The same will happen to the pixel shader, which needs to convert its four 32-bit floats into say RG8_UNORM i.e. discard the blue and alpha channel, convert the red and green from range [0; 1.0] to range [0; 255] and store it to memory.

In order to do that, the driver will patch the epilogue and perform the 32-bit -> 8-bit conversion on the red and green channels.

Depending on the GPU the suffix may contain more operations that have to do with MSAA or even alpha blending (the latter is particularly true in mobile)

D3D11 games ran heavy optimizations only on the body section, mostly done by the fxc compiler, and developers could store them in a single file (a cache) that can be distributed to all machines.

The driver will still need to convert the D3D11 bytecode to a GPU-specific ISA, but it relies on fxc’s heavy optimizations having done the job. Thus conversion from D3D11 to bytecode isn’t free, but it isn’t too costly and can often be hidden by driver-side threading.

Shaders could be paired arbitrarily

One more thing I forgot to mention is that vertex and pixel shaders could be combined arbitrarily at runtime. There are a few rules, called signatures, about having matching layouts otherwise the two shaders can’t be paired together.

But despite those rules, if a vertex shader outputs 16 floats for the pixel shader to use but the pixel shader only uses 4 of them; the vertex shader can’t be optimized for that assumption.

The vertex shader’s body will be optimized as if the pixel shader will consume all 16 floats. At most the suffix will only export only 4 floats to the pixel shader; but there’s still a lot of wasted code in the body that could be removed but won’t be.

Drivers may try to analyze the resulting pair and remove that waste, but they only have limited time to do so (otherwise some games could see permanent heavy stuttering).

Post DX12/Vulkan world

DX12/Vk introduced the concept of Pipeline State Objects aka PSOs which is one huge blob of all data embedded into a single API object.

Because PSOs contain all the data required, there is no longer a need to divide shaders into prefix, body and epilogue.

Drivers know in advance the vertex format, the vertex & pixel shaders that will be paired together, pixel format, MSAA count, whether alpha blending will be used, etc.

We have all the information that is required to produce the optimal shader:

  • Code paths producing unused output will be removed
  • The whole shader’s ‘body’ may prefer to use 16-bit float registers if the vertex format input is in 16-bit (rather than converting 16 -> 32 bits and then operating in 32 bit)
  • Loading & Store instructions may be reordered anywhere to reduce latency (which would typically be forced to the prefix or the suffix)
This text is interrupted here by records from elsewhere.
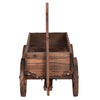 Front view of the Wood Wagon Planter Pot Stand with Wheels, showcasing its sturdy fir wood design and easy mobility for.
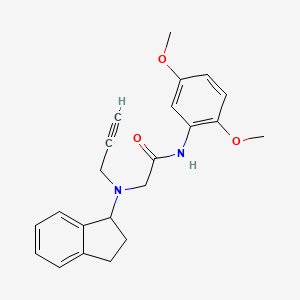 molecular formula C22H24N2O3 B2582319 2-[2,3-Dihydro-1H-inden-1-yl(prop-2-ynyl)amino]-N-(2,5-dimethoxyphenyl)acetamide CAS No. 1333568-84-5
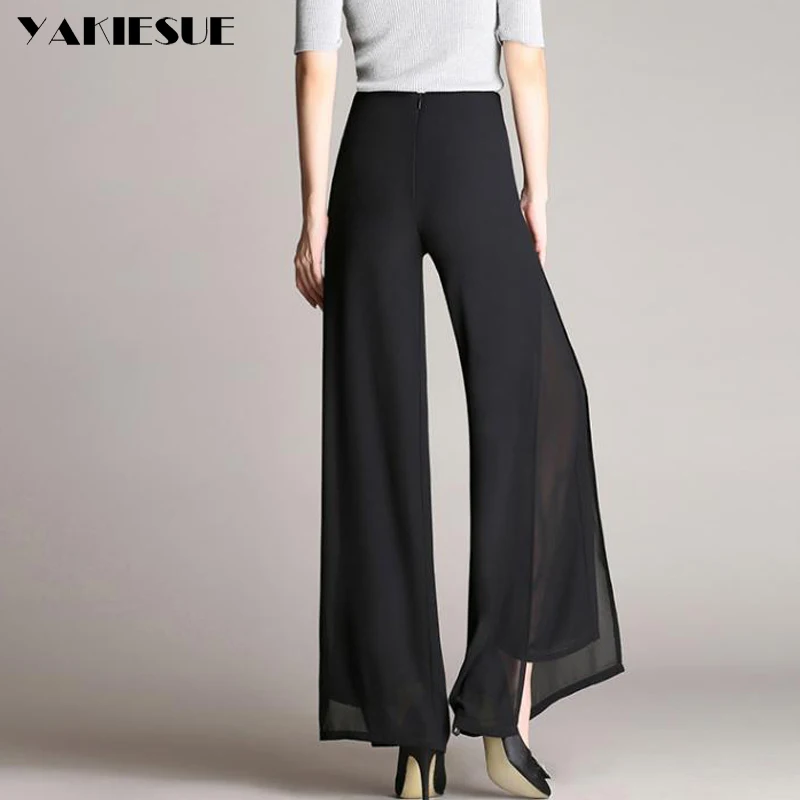 Брюки женские шифоновые с завышенной талией Летние повседневные|leg pants|pants womenfemale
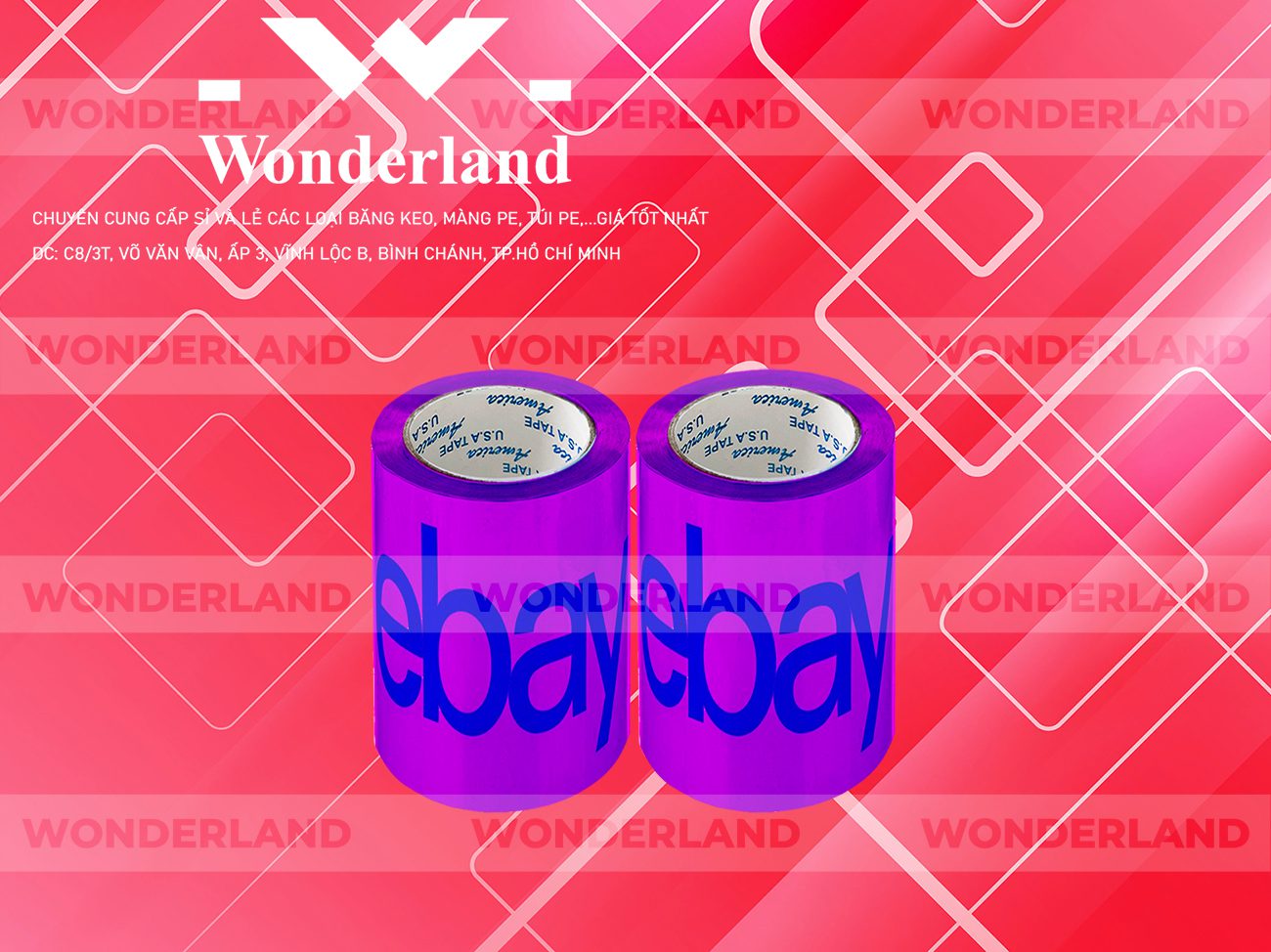 BĂNG KEO IN CHỮ SIZE 86MM WONDERLAND CHẤT LƯỢNG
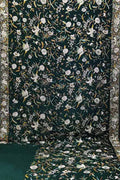 Green Hand Embroidered Parsi Gara Crepe Bird And Floral Design Saree - Luxurion World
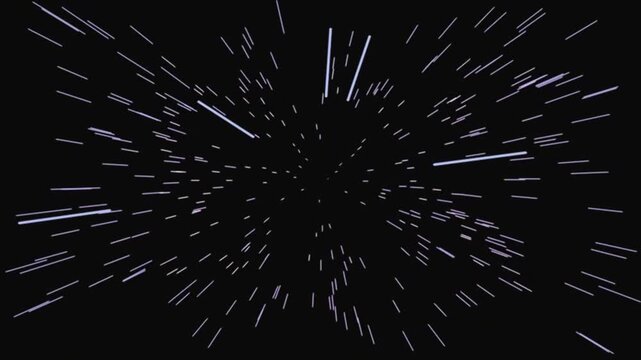 Hyperspace speed lines streak across a dark black background creating a dramatic interstellar travel effect.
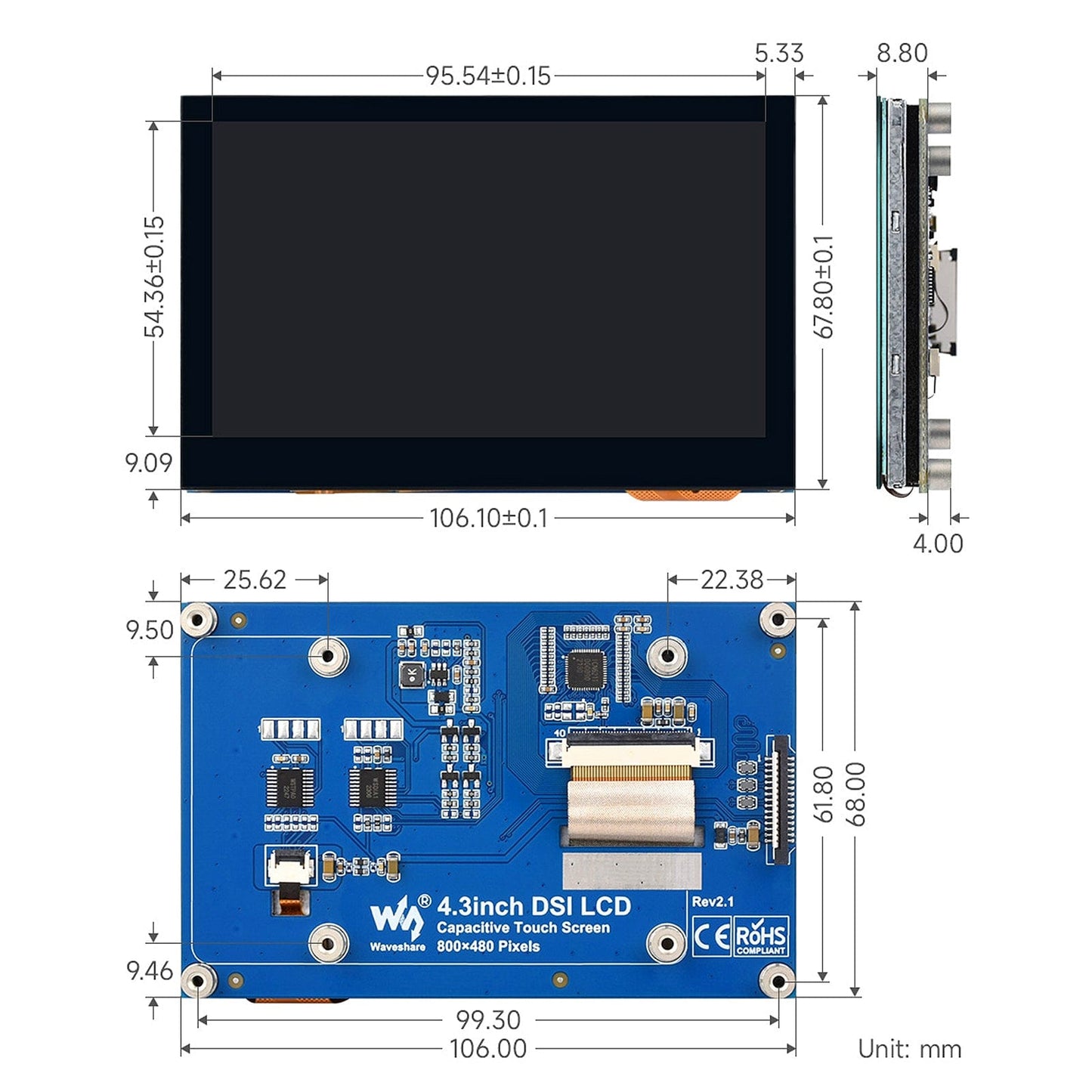 4.3" DSI QLED Capacitive Touch Display for Raspberry Pi (800x480)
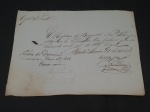 Uruguai/Brasil, documento alfandegário uruguaio, onde navio brasileiro FELIX declara à polícia alfandegária que possui 3 escravos a bordo. Datado MONTEVIDEO, 19 de Junho de 1828, I Império do Brasil. Bom estado!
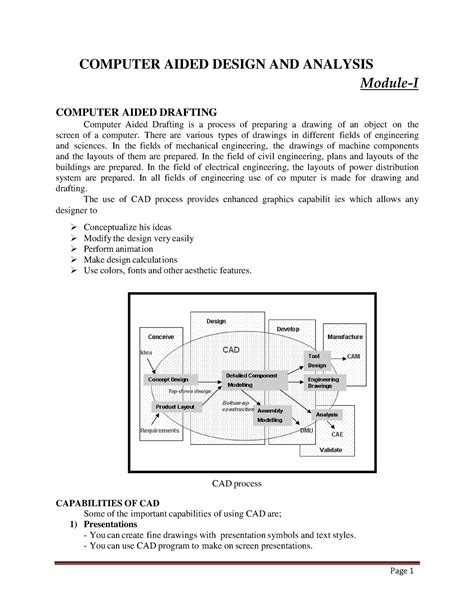 CAD Module 1 Lecture Notes Computer Aided Design And Analysis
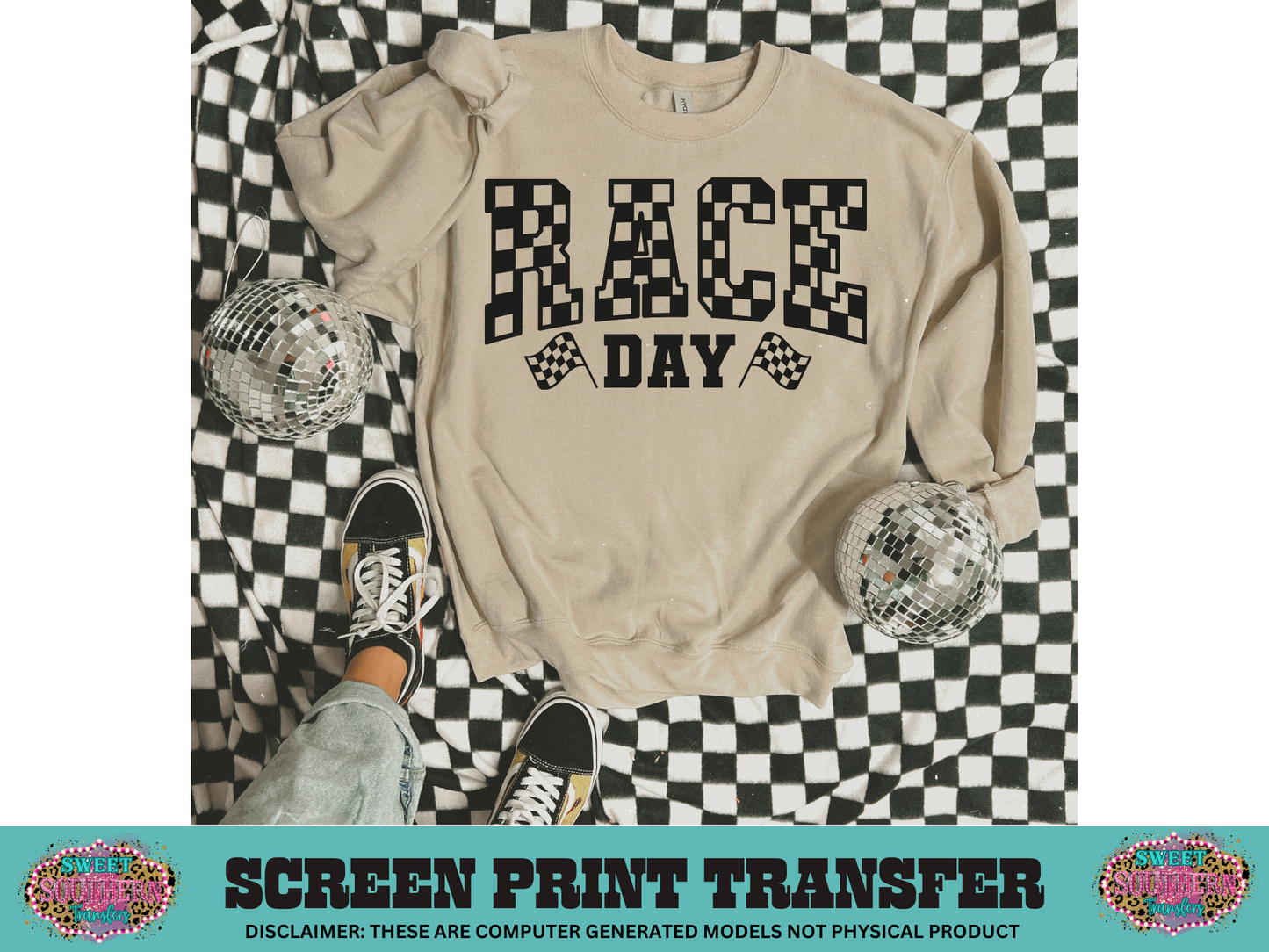 SINGLE COLOR SCREEN PRINT   - RACE DAY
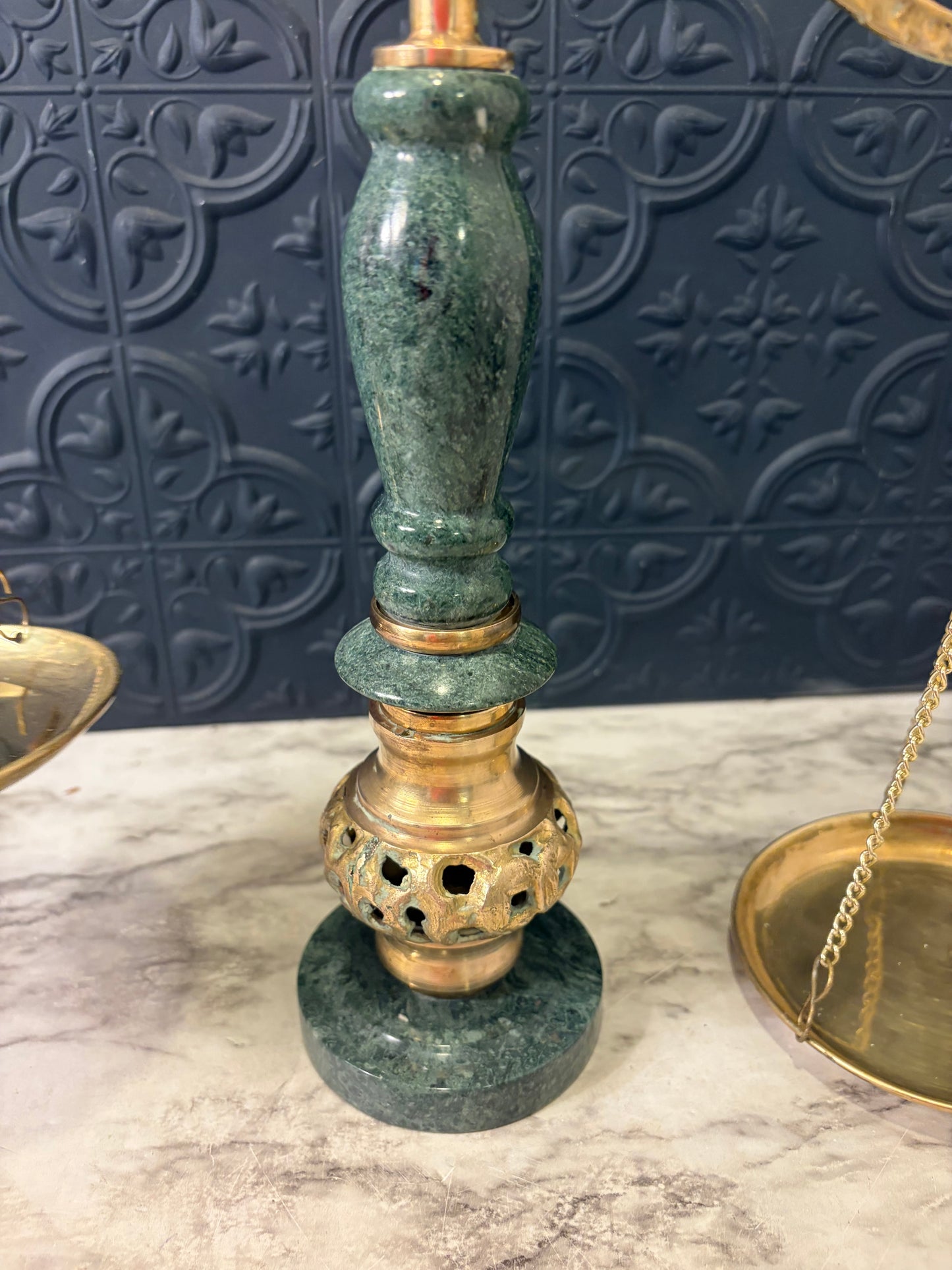 Japanese Brass amd Marble Scales of Justice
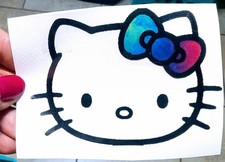 Hello Kitty Decal With Tie Dye Print Bow 4" X 3"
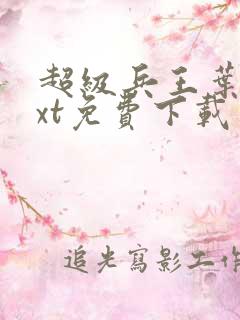 超级兵王叶谦txt免费下载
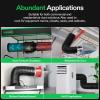imageVIVOSUN Inline Booster Duct Fan 6 240 CFM and Dryer Vent Hose 6 inch Aluminum Foil Ducting 8FT Long HeavyDuty Dryer Hose Vent Kit for HVAC Ventilation Exhaust Duct Fan Systems Black Flexible Ai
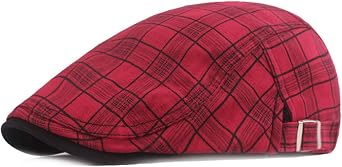 Men's Plaid Striped Newsboy Ivy Flat Driving Golf Cap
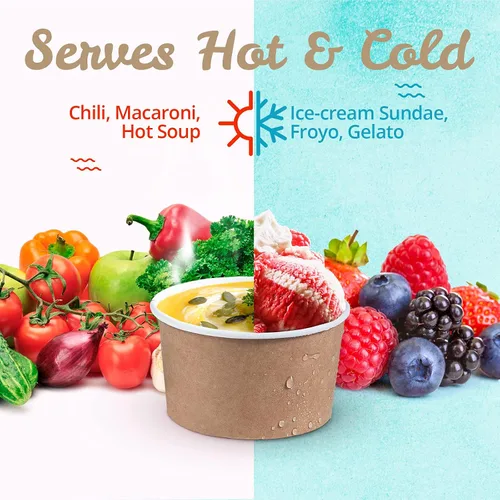 Vista 7 de MATICAN Vasos de papel para helado, 100 cuencos de postre desechables de 5.5 onzas para alimentos calientes o fríos, suministros de fiesta de 5.5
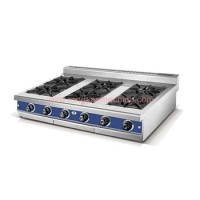 HGR-6 Stainless Steel Hotel Commercial Six Burners Gas Range Cooktops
Therefore most optimizations are delayed until actual PSO creation time. Unlike D3D11’s fxc which took forever to compile, the newer D3D12’s dxc compiler and glslang (if you’re not using Microsoft’s compiler) actually compile very fast.

These shader compilers barely perform optimizations (although SPIRV optimizers still exist, and they may make a difference in mobile).

Unfortunately, caching a PSO is tied to GPU and driver version. Therefore something as trivial as a driver upgrade could invalidate the cache meaning you have to wait again.

As David Clyde said this does actively discourage people from updating though and could become a problem.

There are mitigation strategies being researched, such as:

  • Compiling a slow version of the shader in short time, then recompiling in the background an optimized version
  • Users uploading their caches to a giant shared database classified by GPU device, vendor and driver version; which other users can download (note this may have security concerns, a shader is an executable after all)
  • Faster optimizing compilers

Please note that ported PS4 exclusives such as Horizon Zero Dawn and Detroit Become Human were designed around having the PSO cache distributed with the binary (because there’s only two GPUs to target: PS4 and PS4 Pro) thus they were not designed to recompile twice (slow then fast version). Thus these games spend 20 minutes at the beginning building their PSO cache.

Thus there you have it: that’s the reason modern games are taking so long to build shaders at the beginning, and why it may become more frequent in the future.